I'm often asked about my surname. More often, I'm not asked, but I can sense the confusion it creates.

Some people -- always women, interestingly -- commend me for it. Other folks are apparently less sure, or even incredulous, insisting on calling me by my "maiden name" ("bachelor name"?) even if they've known me only since The Switch.

I'll admit, I sometimes don't quite believe it myself. More than once these seven years, I've accidentally called myself "Mark Van Haren." I suspect it's that I, just like the curious people I meet, never expected my name to change. Most (American) girls assume -- or used to? -- that they'll one day change their name. But for me, Van Haren was never my "maiden name", just my name.

Of course, that thinking changed. Having only my wife change her name didn't feel gender-equitable to us. And as a hua-qiao, my wife didn't want to lose the Chinese-ness of her surname. What to do?

Option 1: Both remain unchanged. But we'd lack a common family name. Would it even feel like we're married? What name would the kids take?

Option 2: Both adopt some brand new name. But what? And that probably doesn't solve the Chinese-ness issue. We'd probably both feel we'd lost something.

In the end, hyphenation seemed the only viable road. In theory, I was good with this. In practice, "Wong-VanHaren" has always been a little difficult to get excited about. "Wong" breaks up the (original) flow of my name, like a middle name I suddenly insisted on always using. And the new moniker got off to a rocky start when, at our wedding, we were pronounced "the new Mr. and Mrs. Wong-VanHaren", and our unwitting assembly of dear friends and family... wait for it... they laughed. Ouch.

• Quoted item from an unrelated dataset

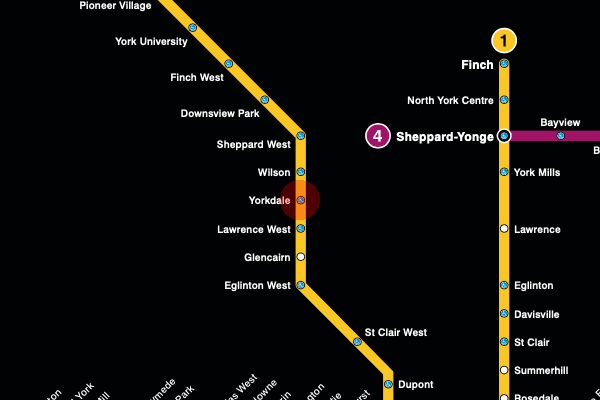 Yorkdale station map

Maybe what's weird(est) about it for most people is that the two names are so different. It ain't Smith-Jones or Chang-Wong. I'm a haole guy with a merely hapa-haole name, and I suppose it just looks funny on me, like a kente cloth on an Inuit.

Anyway, just deal with it. :-) I do. Oh, and please try to get it right. It's "Wong-VanHaren," with three -- count 'em, 3 -- uppercase letters and not a single space in the mix.